(Input data)

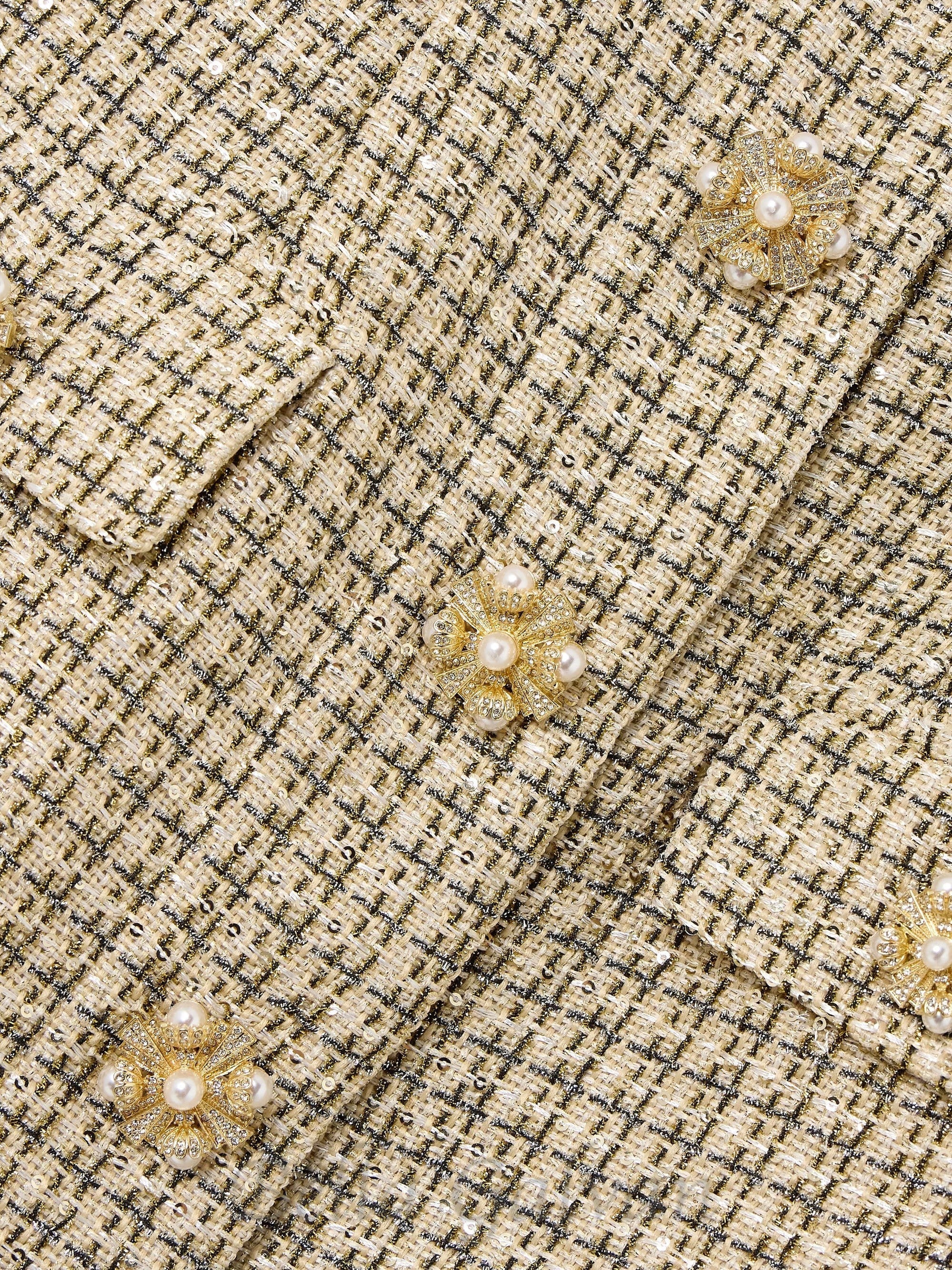 Flowering Girl Women Sequin-embellished checked metallic bouclé-tweed mini dress in gold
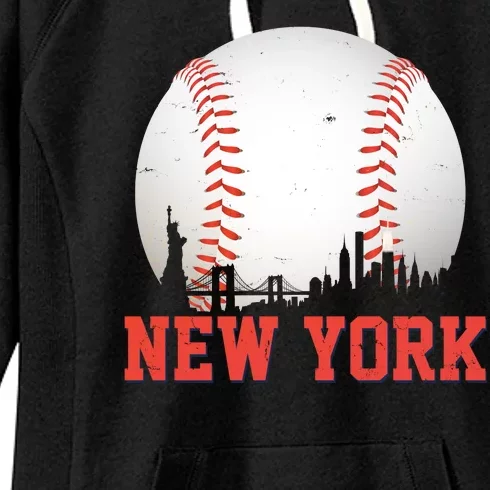 New York Skyline Baseball Sports Fan Women's Fleece Hoodie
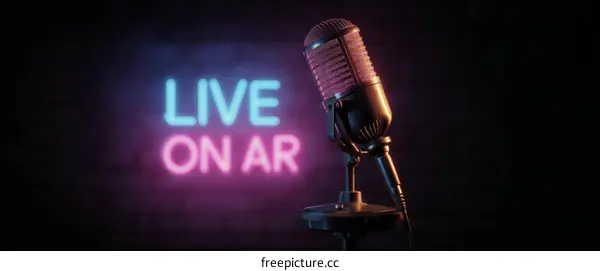 Retro Vintage Microphone Live on Air
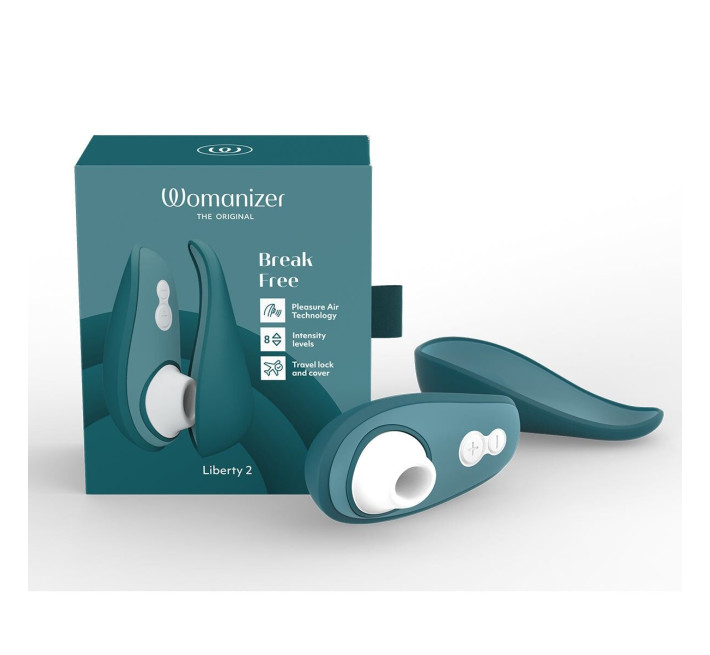 Вакуумний кліторальний стимулятор Womanizer Liberty 2 Dark Petrol, 8 режимів, магнітна кришечка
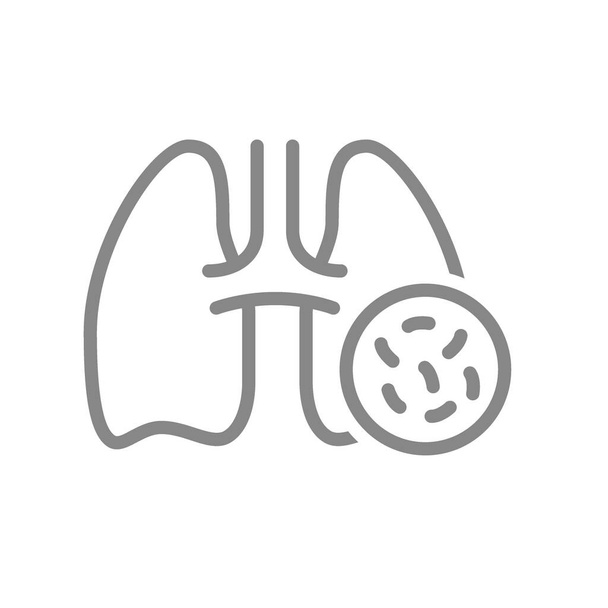 Pulmões com ícone de linha de bactérias. Doenças órgão interno, legionelose, símbolo de pneumonia
 - Vetor, Imagem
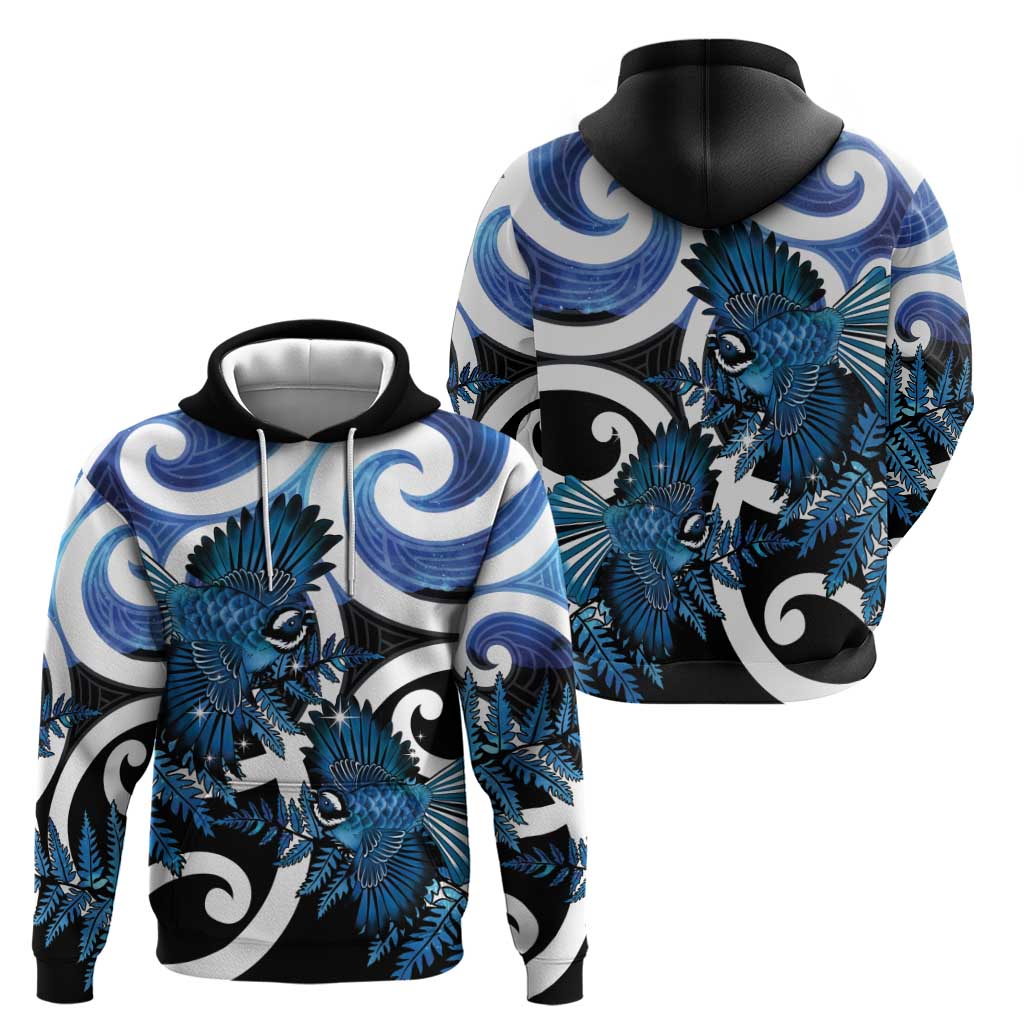 Piwakawaka New Zealand Matariki Zip Hoodie Maori New Year Silver Fern Blue Galaxy LT14 - Polynesian Pride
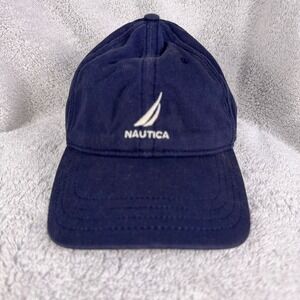 Nautica Mens Baseball Cap Hat Navy Blue Embroidered Adjustable‎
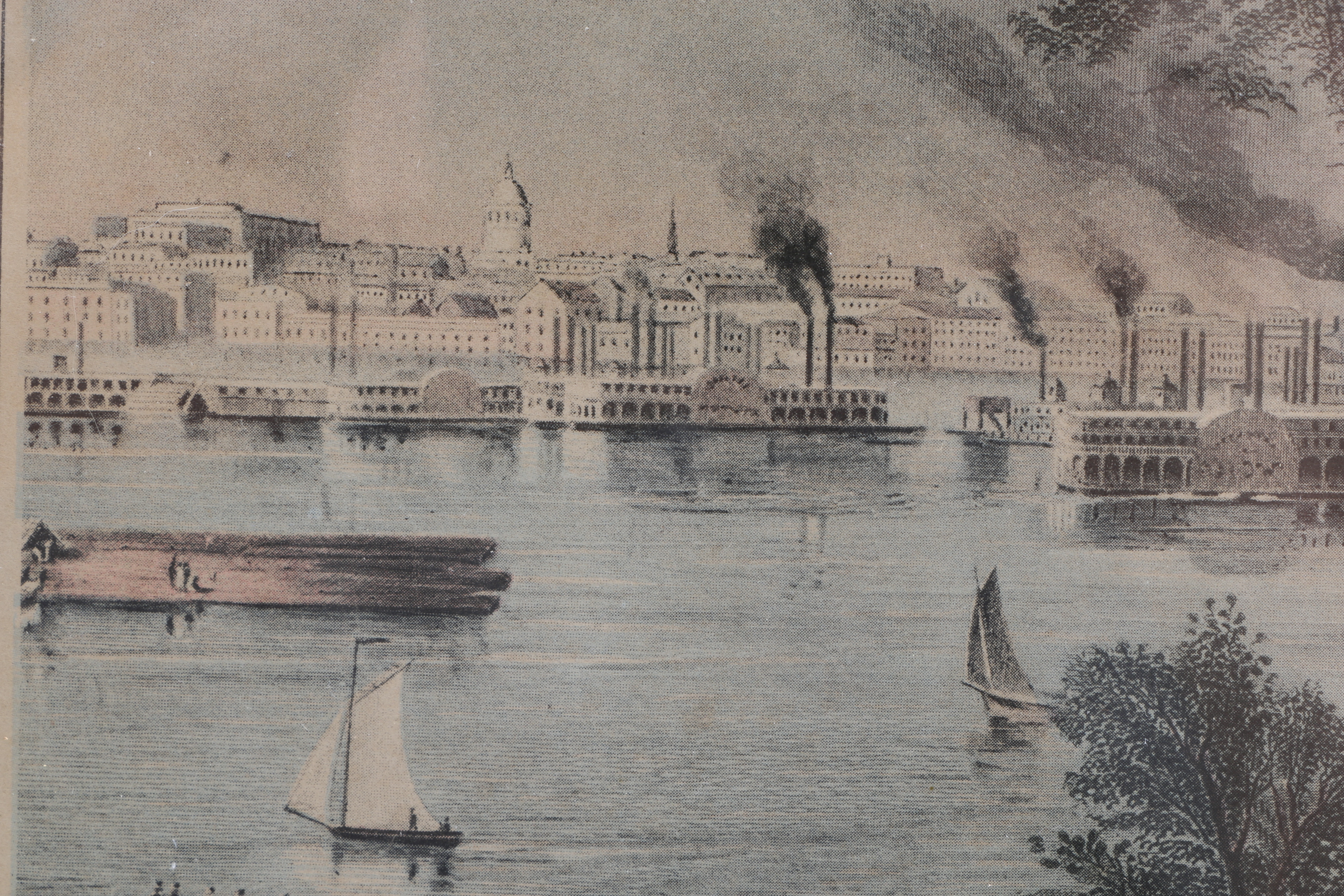 Five Framed Vintage Offset Lithographic Prints of U.S. Cities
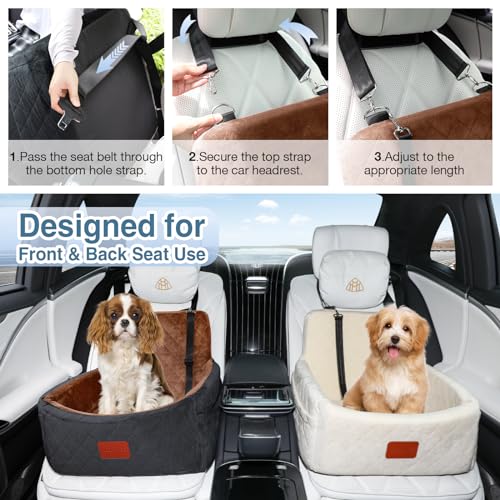 WOOAIDAGG Dog Car Seat for Small Dogs Under 30lbs,Ultra Soft Fabric & Memory Foam Pet Travel Car Bed,Washable & Detachable,Anti-Slip Bottom,2 Storage Pockets and Safety Tethers(Black/Brown) - color: Black/Brown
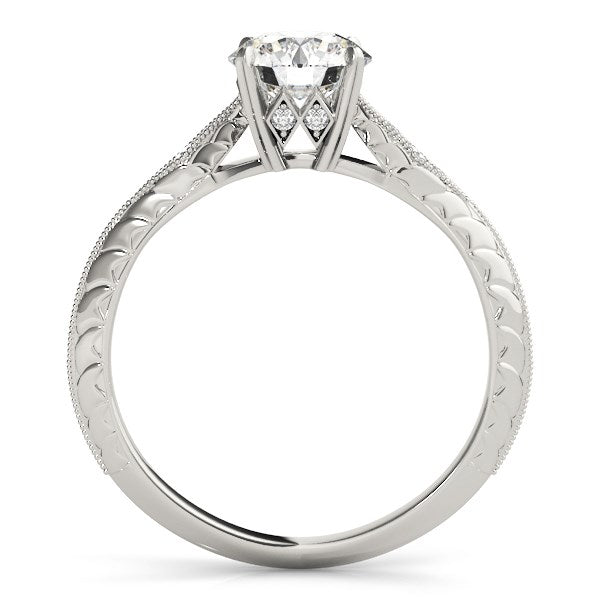 14k White Gold Diamond Engagement Ring with Side Clusters (1 1/8 cttw) RCJ Rings CELESTIA LUXE JEWELLERS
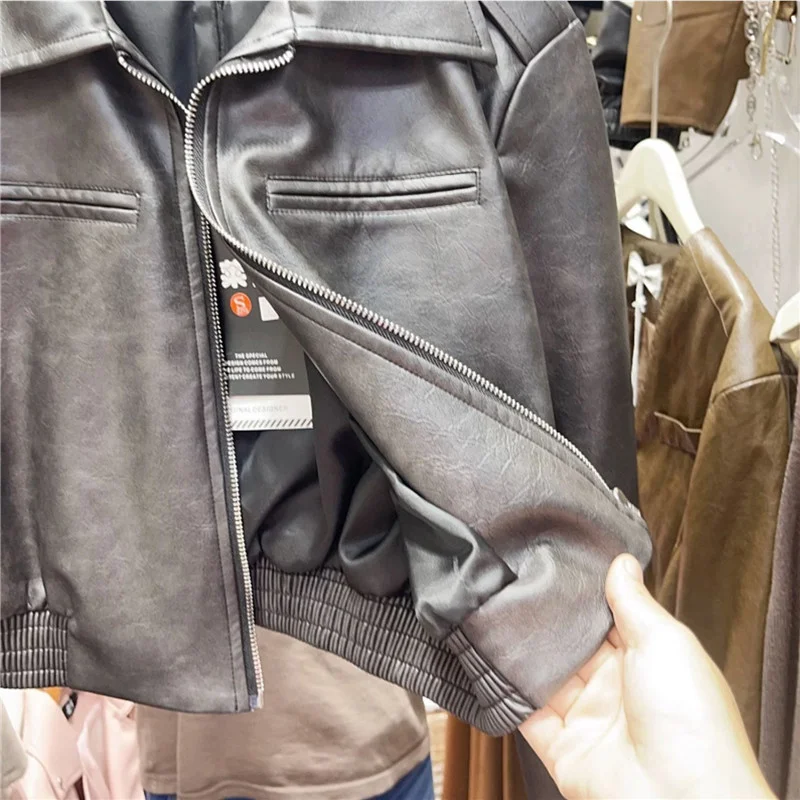 Veste de motard en faux cuir PU pour femme, manteau court mince coréen, fermeture à glissière à revers, manches longues, streetwear noir ingent, printemps et automne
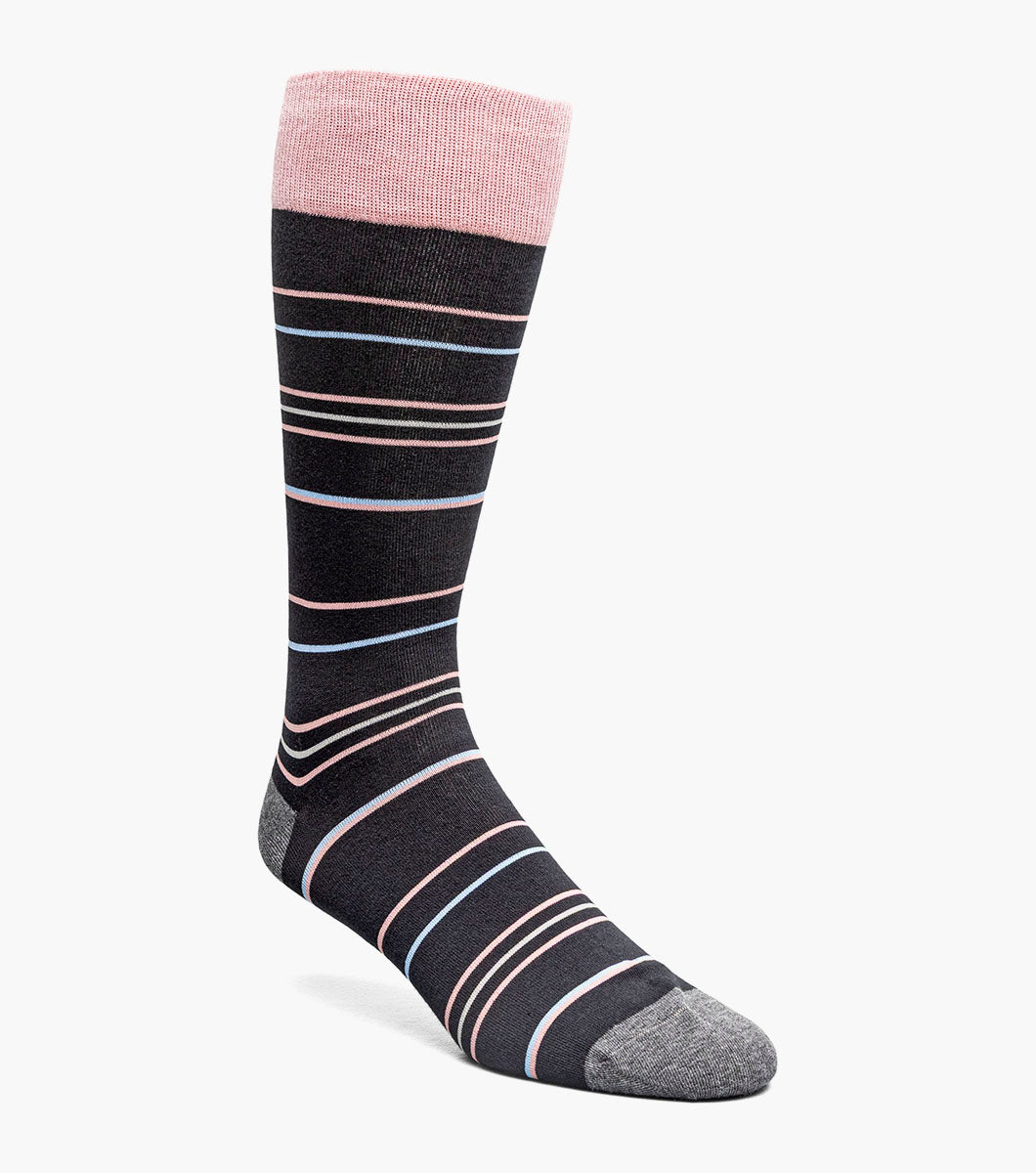 Stacy Adams Narrow Stripes Men's Crew Dress Socks Men’s Socks - Black Multi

(End Input data)

→ **What is required**
The lines above starting at the one that holds "Nautica Mens Baseball" and ending at the one that holds "WOOAIDAGG Dog Car" are to be written out exactly, ends included, and no pictures are to be copied.

→ **Written reply**
 Nautica Mens Baseball Cap Hat Navy Blue Embroidered Adjustable‎
 Five Framed Vintage Offset Lithographic Prints of U.S. Cities
 WOOAIDAGG Dog Car Seat for Small Dogs Under 30lbs,Ultra Soft Fabric & Memory Foam Pet Travel Car Bed,Washable & Detachable,Anti-Slip Bottom,2 Storage Pockets and Safety Tethers(Black/Brown) - color: Black/Brown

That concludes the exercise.